1. INTRODUCTION          

               Judiciary has recognized that fundamental rights do not flee the person as he enters the prison although they may suffer shrinkage necessitated by incarceration. A person is sent to prison when he is found by the judicial process to have committed an offence. Whenever a criminal is sent to prison layman feels justice and take a breath of peace thinking that our administrators are maintaining rule of law in the society. People deserve punishment of offender. At the same time, common people expect that human rights of all persons including prisoners are protected. No prisoner is to be treated inhumanly.

               However, it can’t be denied that ultimate control and prevention of crime depends upon the proper utilization of the prison system. Excessive recognition of prisoners’ rights is likely to defeat the very object of penology. If the difference between the life inside and outside prison is narrowed down beyond a certain limit, it is bound to culminate into catastrophic result.[i]

2. DEFINITION OF PRISONER

A prisoner, (also known as an inmate or detainee) is a person who is deprived of liberty against his or her will. This can be by confinement, captivity, or by forcible restraint. The term particularly applies to those on trial or serving a prison sentence in a prison.[ii] The Prisons Act, 1894 has not defined the term prisoner. However it has classified the prisoners into 3 categories as follows:[iii]

(i)      “Criminal prisoner” means any prisoner duly committed to custody under the writ, warrant or order of any Court or authority exercising criminal jurisdiction, or by order of a Court martial.

(ii)    “Convicted criminal prisoner” means any criminal prisoner under sentence of a Court or Court martial, and includes a person detained in prison under the provisions of Chapter VIII of the Code of Criminal Procedure, 1882, (10 of 1882) or under the Prisoners Act, 1871 (5 of 1871).

(iii)  “Civil prisoner” means any prisoner who is not a criminal prisoner.

3. JUDICIAL APPROACH FOR PROTECTION OF PRISONERS IN INDIA

            The judiciary plays an important role in the protection of fundamental rights of the citizen alike. Prisoners’ hopes on judiciary to protect their life and secure justice held their lamps of life burning. Judicial pronouncements have established the prison as punishment and not prison for punishment. Even if a prisoner is kept in prison as punishment, it does not mean that all his human rights will be suspended. The judicial decisions relating to rights of prisoners are mainly clarification of principles to which a democratic government should adhere. Indian Judiciary has created a new era for prisoners where their rights are respected and hence protected.

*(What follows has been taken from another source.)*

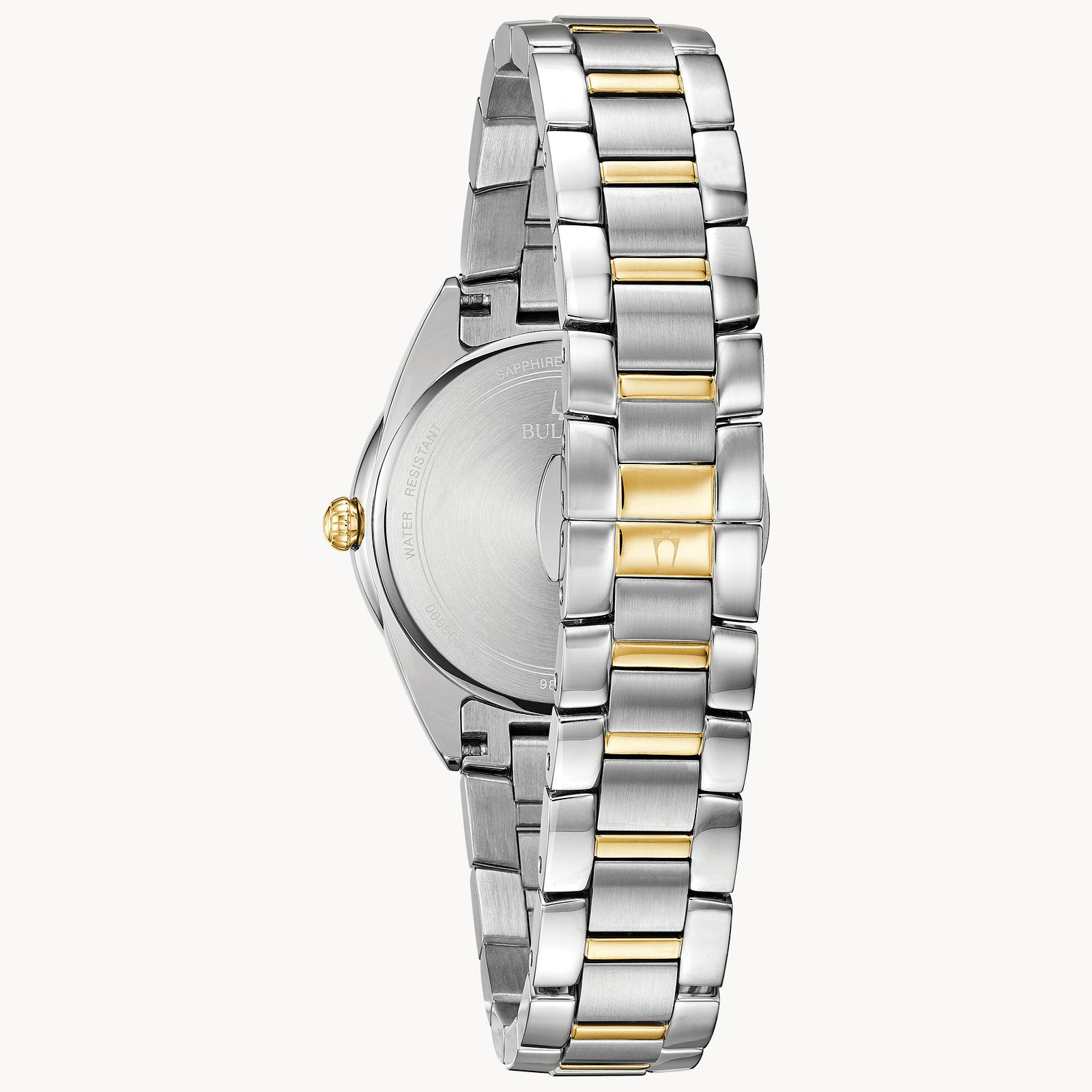 Bulova Ladies Classic Sutton Diamond Two-Tone Stainless Steel Watch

3.1 RIGHTS AGAINST TORTURE AND CUSTODIAL VIOLENCE

The treatment of a human being which offends human dignity, imposes avoidable torture and reduces the man to the level of a beast, would certainly be arbitrary and questionable under Art. 14. Justice Krishna Iyer remarked that society must strongly condemn crime through punishment, but brutal deterrence is fiendish folly and is a kind of crime by punishment. It frightens, never refines; it wounds never heals.[iv]

As regards the torture and custodial violence, the Apex Court in D.K. Basu v. State of W.B.,[v] has clearly ruled that "Custodial torture" is a naked violation of human dignity and degradation which destroys, to a very large extent, the individual personality. It is a calculated assault on human dignity. In all custodial crimes what is of real concern is not only infliction of body pain but the mental agony which a person undergoes within the four walls of Police Station or lock-up. 

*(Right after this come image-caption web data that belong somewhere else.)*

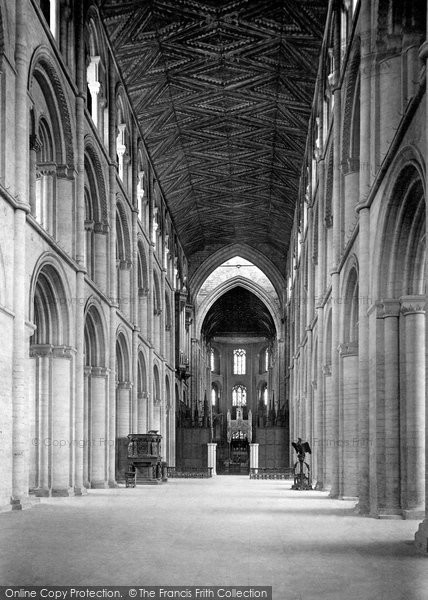 Photo of Peterborough, Cathedral, Nave East 1894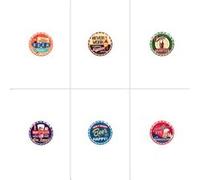 Set de 6 dessous de verre Beer 11 cm - Table Passion - Multicolore - Céramique Multicolore G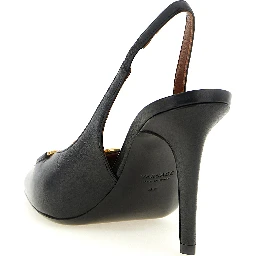 Black Lamb Leather High Heel Pumps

3.2 RIGHT TO SPEECH AND EXPRESSION

Prisoners alike others can access many human rights made in Universal Declaration of Human Rights and International Covenants. Indian judiciary had also recognized the right of a prisoner to enjoy the freedom of speech and expression.[vi] A Writ Petition was filed under Art. 32 of the Constitution by the chief reporter of Hindustan Times Smt. Prabha Dutt seeking a writ of mandamus or order directing the respondents Delhi Administration and Superintendent, Tihar jail to allow her to interview two convicts Bill and Ranga who were under a sentence of death, whose commutation petition to the President were rejected. The Court affirmed the restricted right to interview the prisoners subject to their willingness to attend the same.[vii] The freedom of press person to interview an under trial prisoner will not be alike that of the prisoner sentenced to death. Supreme Court remarked that the right to interview a prisoner will not become an exclusive right as in the case of life convict and it should be decided on merits depending on each case.[viii]

3.3 RIGHT TO REASONABLE WAGES FOR PRISON LABOUR

            Commenting on the wage for Prison Labour, Supreme Court Justice D.P. Wadhwa in State of Gujrat v. Hon’ble High Court of Gujrat,[ix] observed that there will be no violation of Article 23 if prisoners doing hard labour when sentenced to rigorous imprisonment are not paid wages. Wages are payable only under the provisions of Prisons Act and rules made there under. Though prison reforms are must and prisoners doing hard labour are now being paid wages but the message must be loud and clear and in unmistakable terms that crime does not pay. This the prisoners and the potential offenders must realize. One cannot make prison a place where object of punishment is wholly lost. It was further observed that putting a prisoner to hard labour while he is undergoing sentence of rigorous imprisonment awarded to him by a court of competence jurisdiction cannot be equated with 'beggar' or 'other similar forms of forced labour' and there is no violation of clause (1) of Article 23 of the constitution. Clause (2) of Article 23 has no application in such a case. Constitution, however, does not bar a State, by appropriate legislation, from granting wages (by whatever name called) to prisoners subject to hard labour under courts' orders, for their beneficial purpose or otherwise.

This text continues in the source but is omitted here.